● **WHAT TO DO**
Leave out the pictures and retype, exactly, the lines below from the line with "Young girl on" up to and including the line with "Phil Jagielka of", nothing more.

====== THE DATA ======

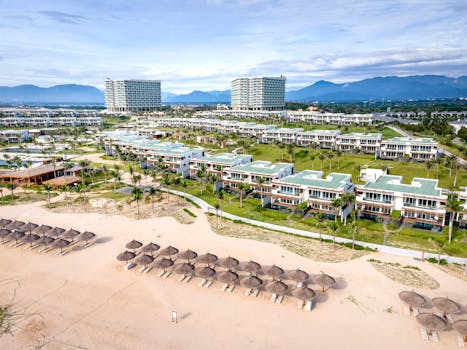 Aerial view of luxury beachside villas and resort in Vietnam, perfect for a tropical getaway.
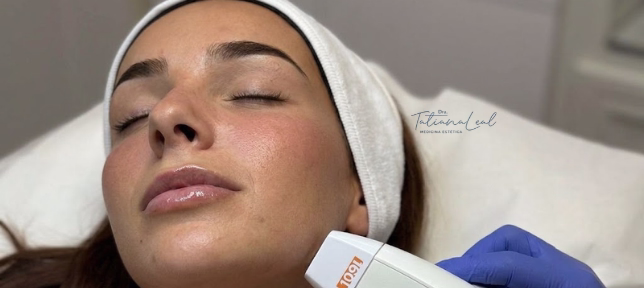 Paciente con banda en el cabello recibiendo un tratamiento facial con aparato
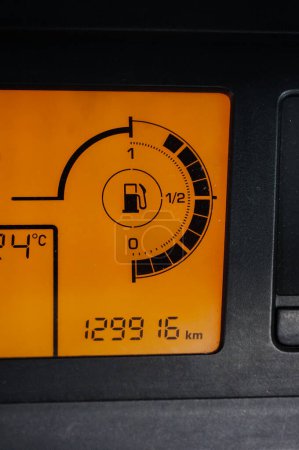 Téléchargez les photos : Détail du tableau de bord numérique d'une voiture conçue en France, avec un écran monochromatique affichant une jauge de gaz sous la forme d'un cadran, avec une icône de station pétrolière et un odomètre en kilomètres - en image libre de droit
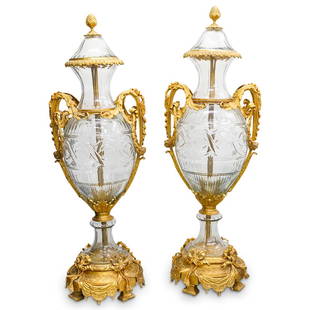 Monumental Crystal Mounted Dore Bronze Urns: DESCRIPTION: A pair of monumental French crystal mounted dore bronze urns with double acanthus leaf formed handles, ornate folate trims and fluted crystal body, raised on finley cast ribbon and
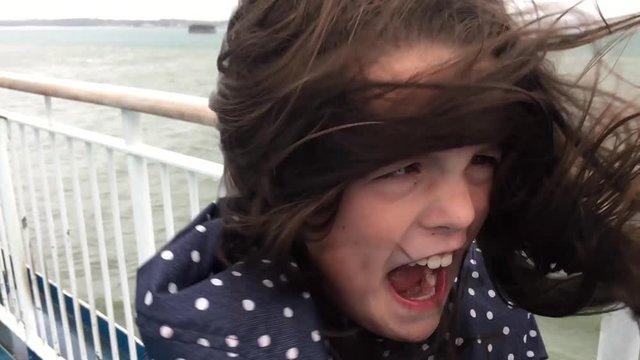 Young girl on windy ferry deck with crazy hair blowing in slow motion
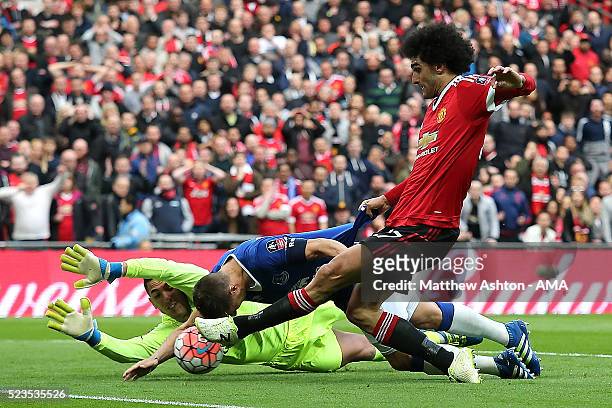 Phil Jagielka of Everton blocks the attempt on goal of Marouane Fellaini of Manchester United during the Emirates FA Cup Semi Final match between...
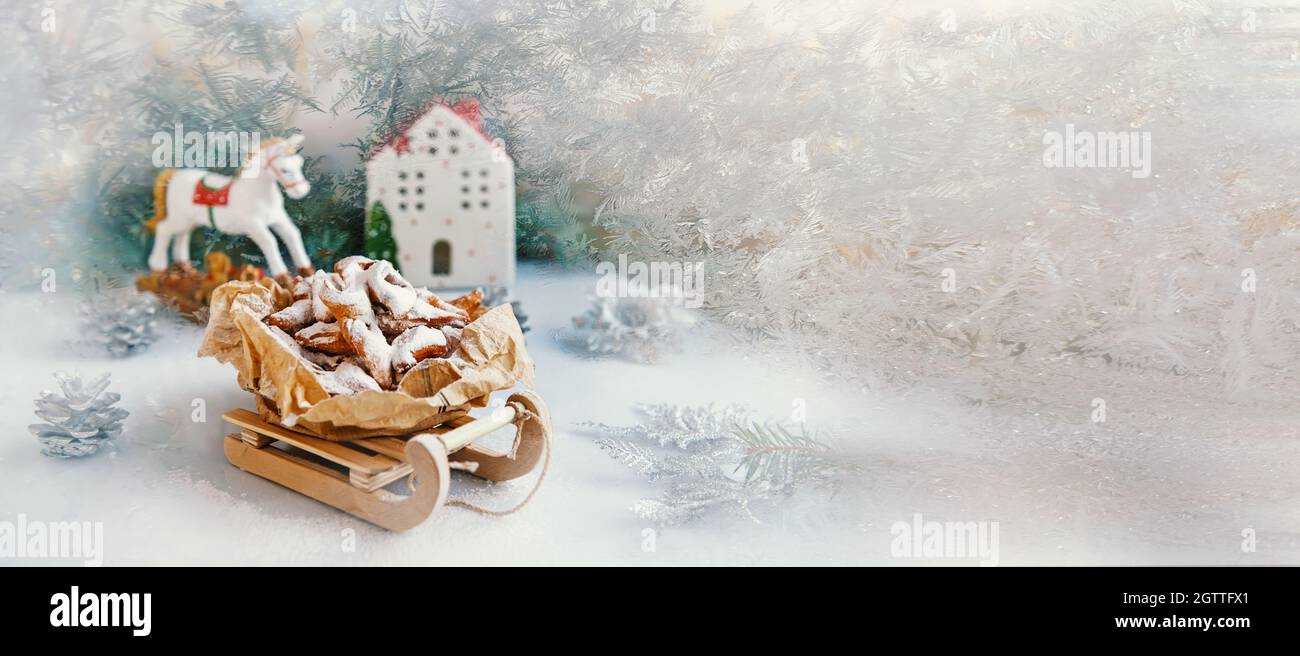 Decoración navideña con trineo de madera antiguo. Galletas caseras recién horneadas en la forma de un árbol de Navidad con decoraciones coloridas o. Foto de stock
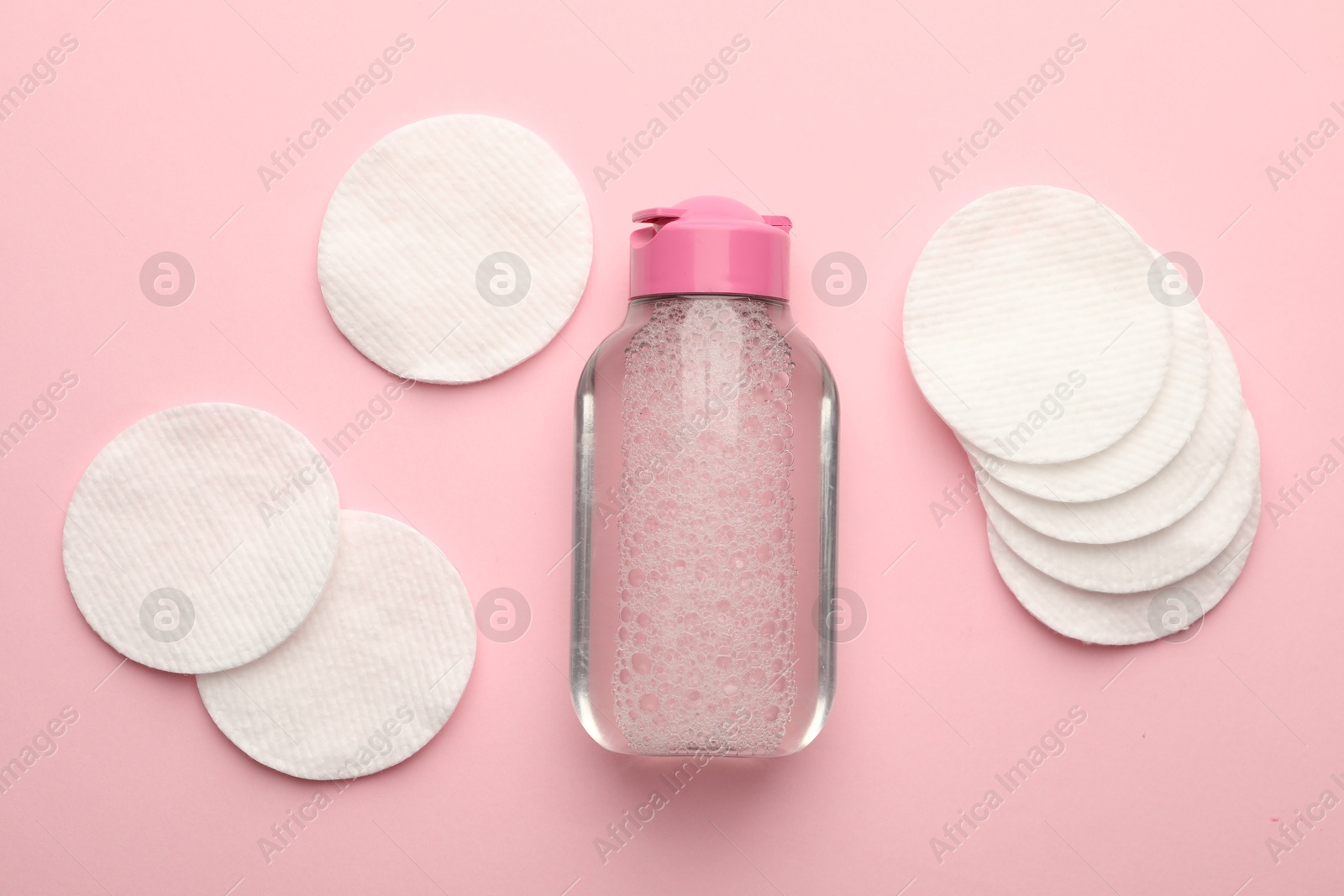 Photo of Clean cotton pads and micellar water on pink background, flat lay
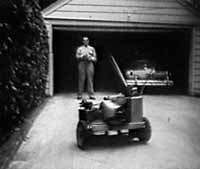 Jim Walker shows his Radio Controlled Lawnmower to the Newsreel cameras.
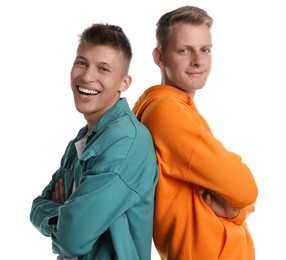 Two happy brothers posing with crossed arms on white background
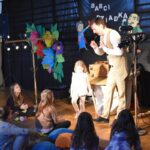 Na zdjęciu mężczyzna w garniturze przed dziećmi. Wygląda na to, że coś im przedstawia lub prezentuje.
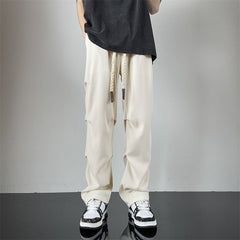 calça larga e reta estilo streetwear com bolsos e laço pra amarrar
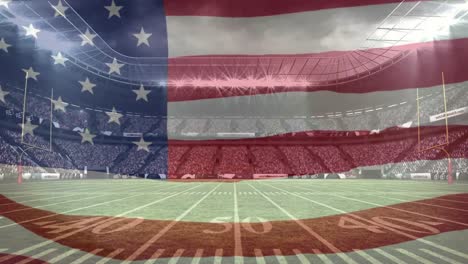 american flag waving in a full stadium background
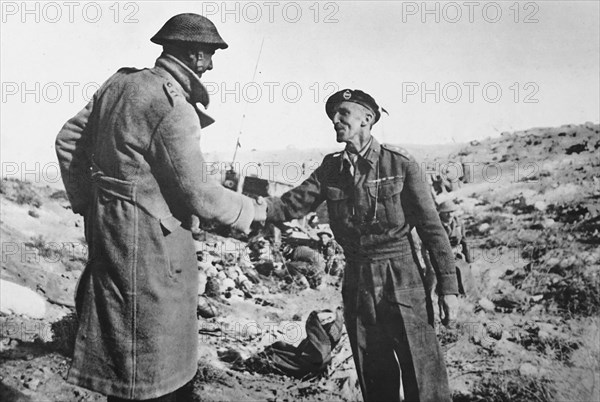 British and New Zealand cammanders meet at the first closing of the Robruk-Sidi rezegh corridor.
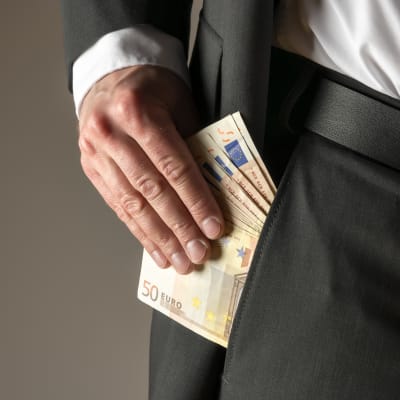 man som sätter femtioeurosedlar i sin ficka.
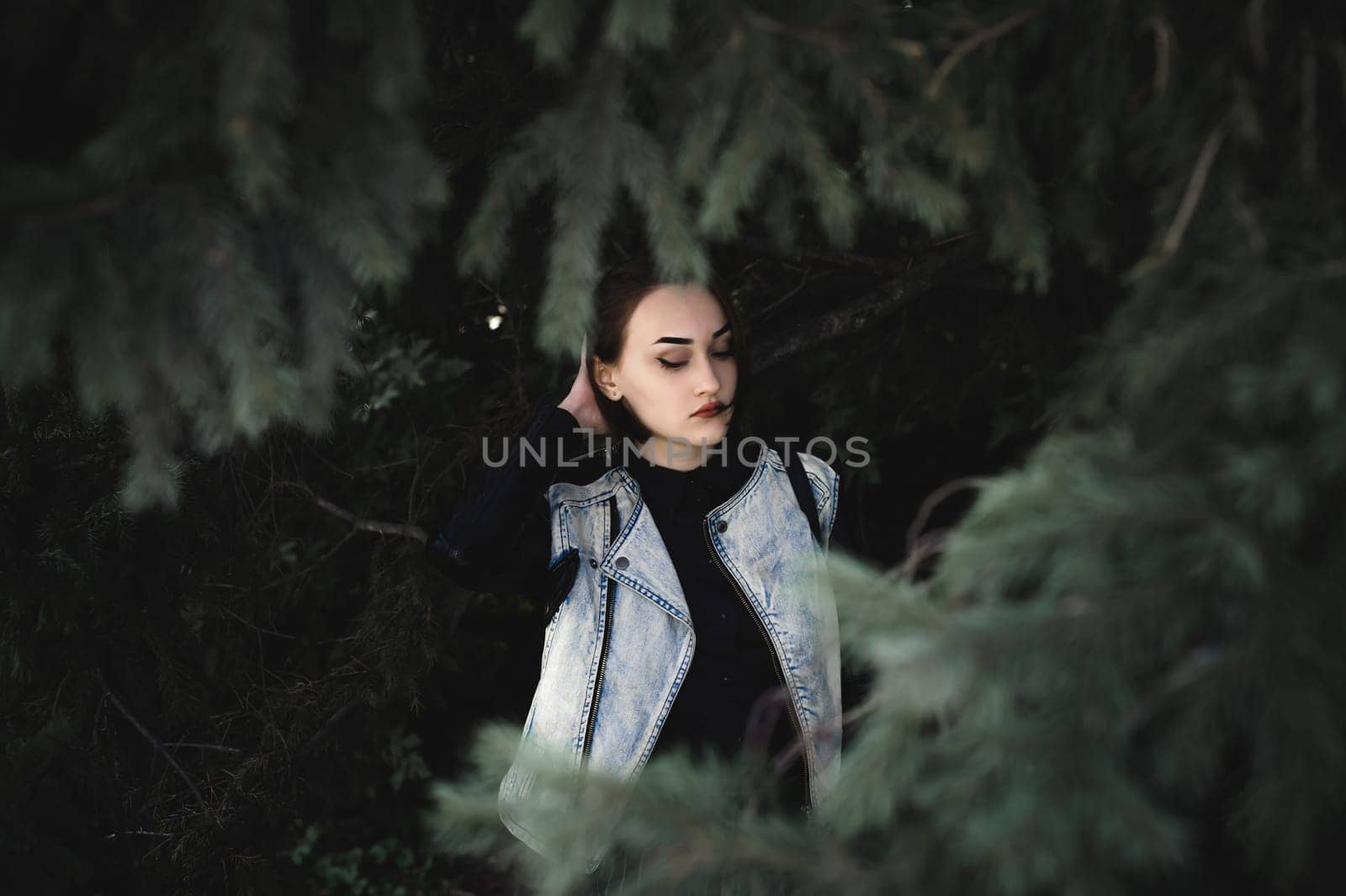 street portrait of a girl student, fashionably dressed in dark clothes, with a black backpack and denim jacket autumn sunny day
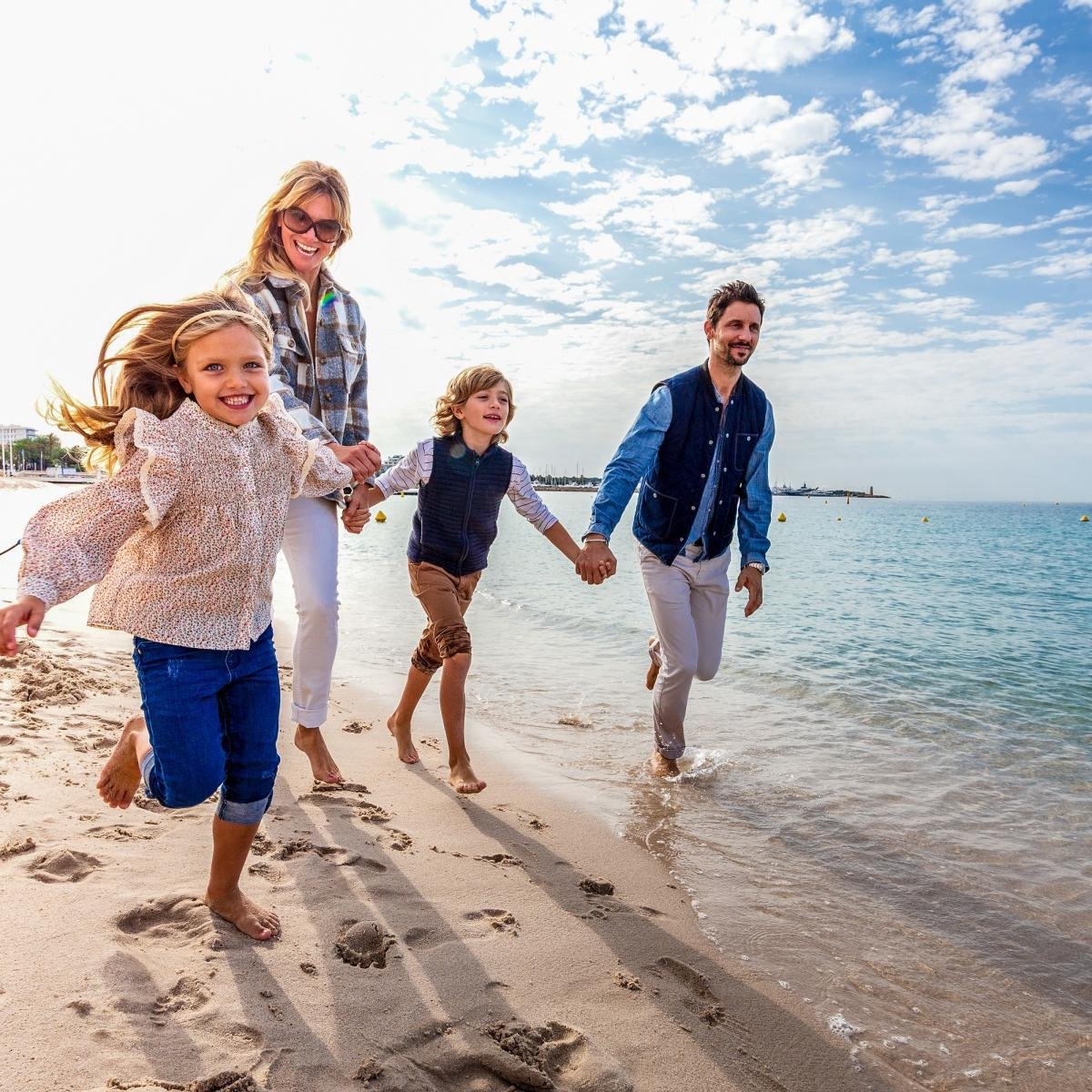 Famille en mouvement au bord de la mer pendant une séance photo sur la Côte d’Azur.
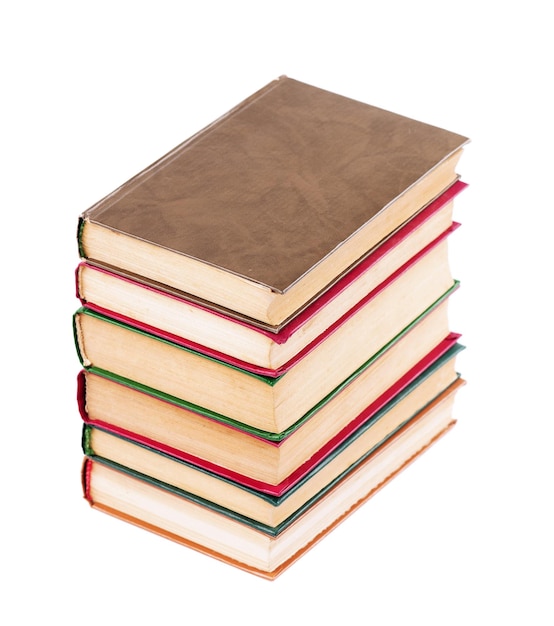 Pile of old dirty books on a white background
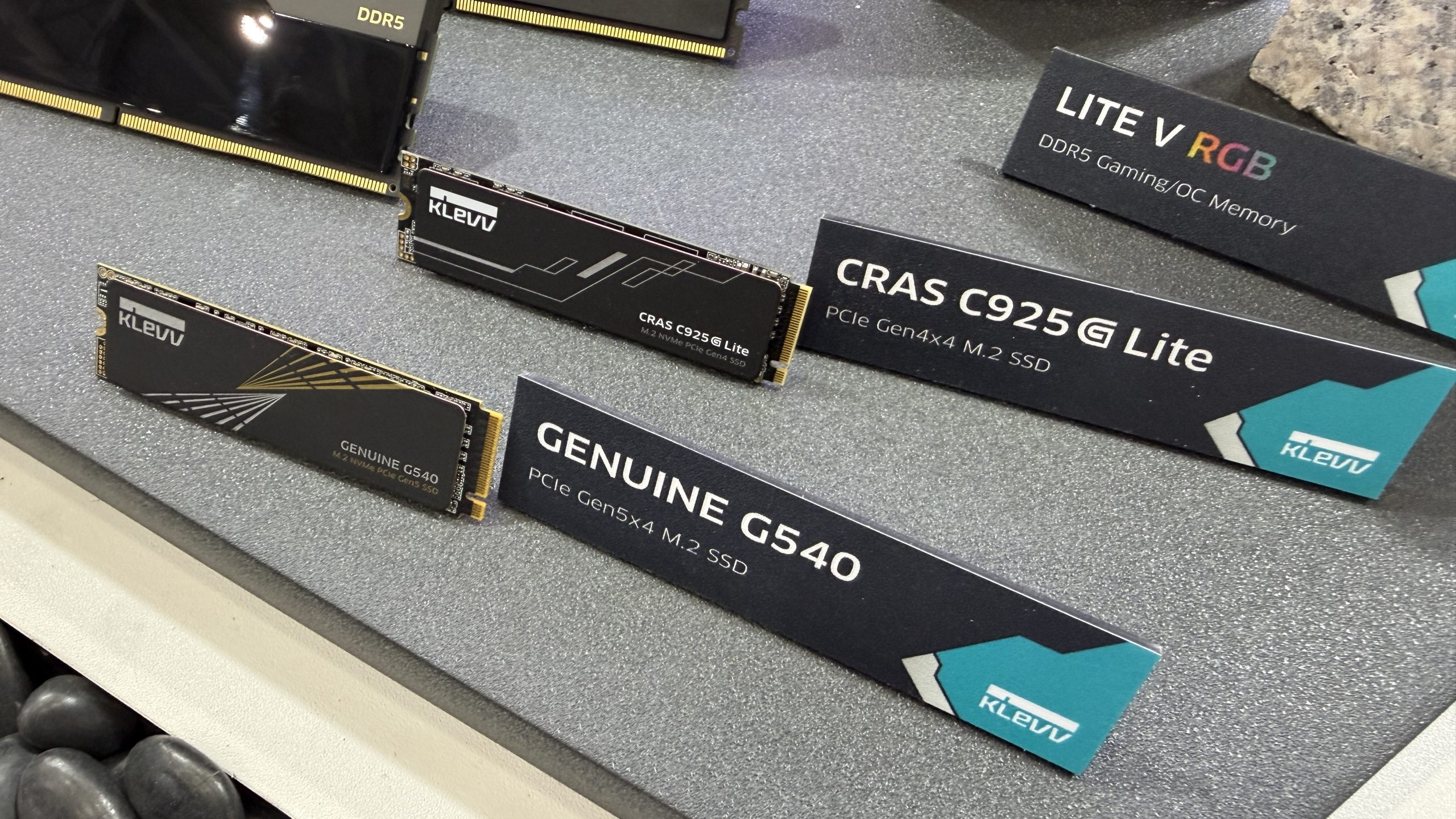KLEVV displays three storage products: the 'GENUINE G540' PCIe Gen5x4 M.2 SSD, the 'CRAS C925G Lite' PCIe Gen4x4 M.2 SSD, and the LITE V RGB DDR5 Gaming/OC Memory.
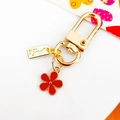 Golden metal keychain with a red enamel flower pendant and Hand Made engraved tag - Red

======

● **TASK ANSWER**
 Young girl on windy ferry deck with crazy hair blowing in slow motion
 Phil Jagielka of Everton blocks the attempt on goal of Marouane Fellaini of Manchester United during the Emirates FA Cup Semi Final match between...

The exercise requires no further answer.